With pictures left out, only the lines from the one containing "DWSM991BN Держатель для тома" through the end of the records should be reproduced exactly, please.
★ ★ ★
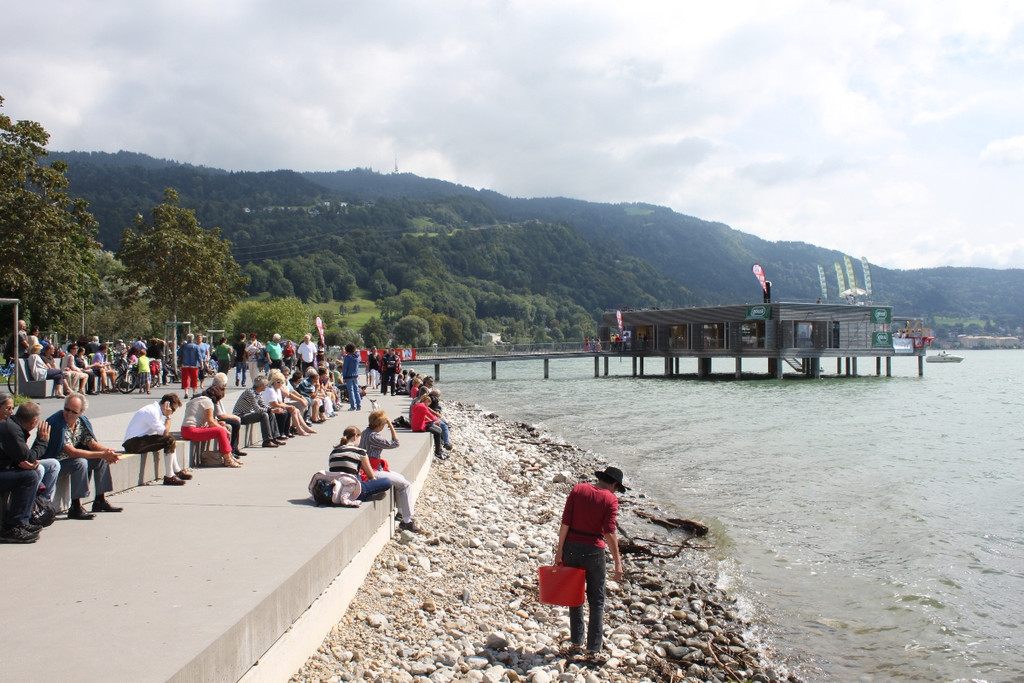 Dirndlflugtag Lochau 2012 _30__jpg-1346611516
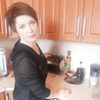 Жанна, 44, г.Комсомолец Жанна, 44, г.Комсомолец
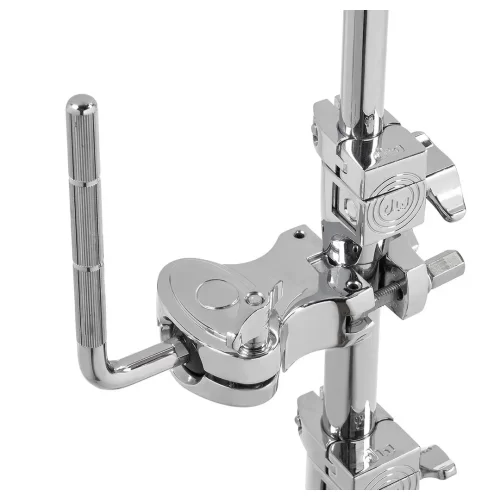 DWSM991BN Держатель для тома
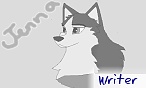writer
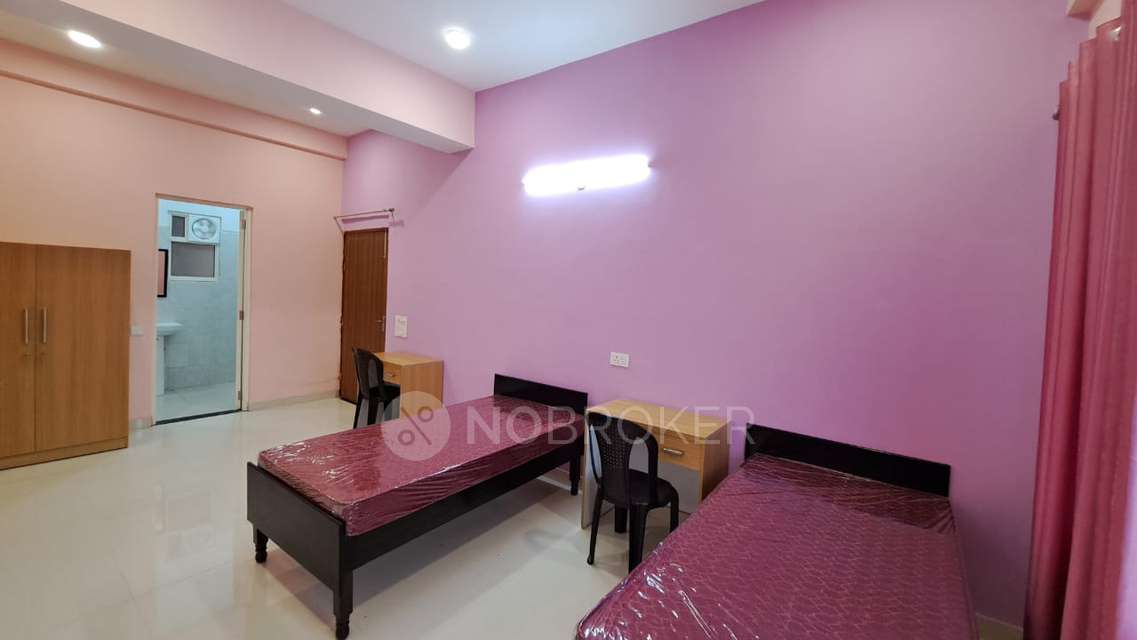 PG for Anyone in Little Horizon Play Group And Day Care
★ ★ ★
## ANSWER TO THE PROBLEM
 DWSM991BN Держатель для тома
writer
 PG for Anyone in Little Horizon Play Group And Day Care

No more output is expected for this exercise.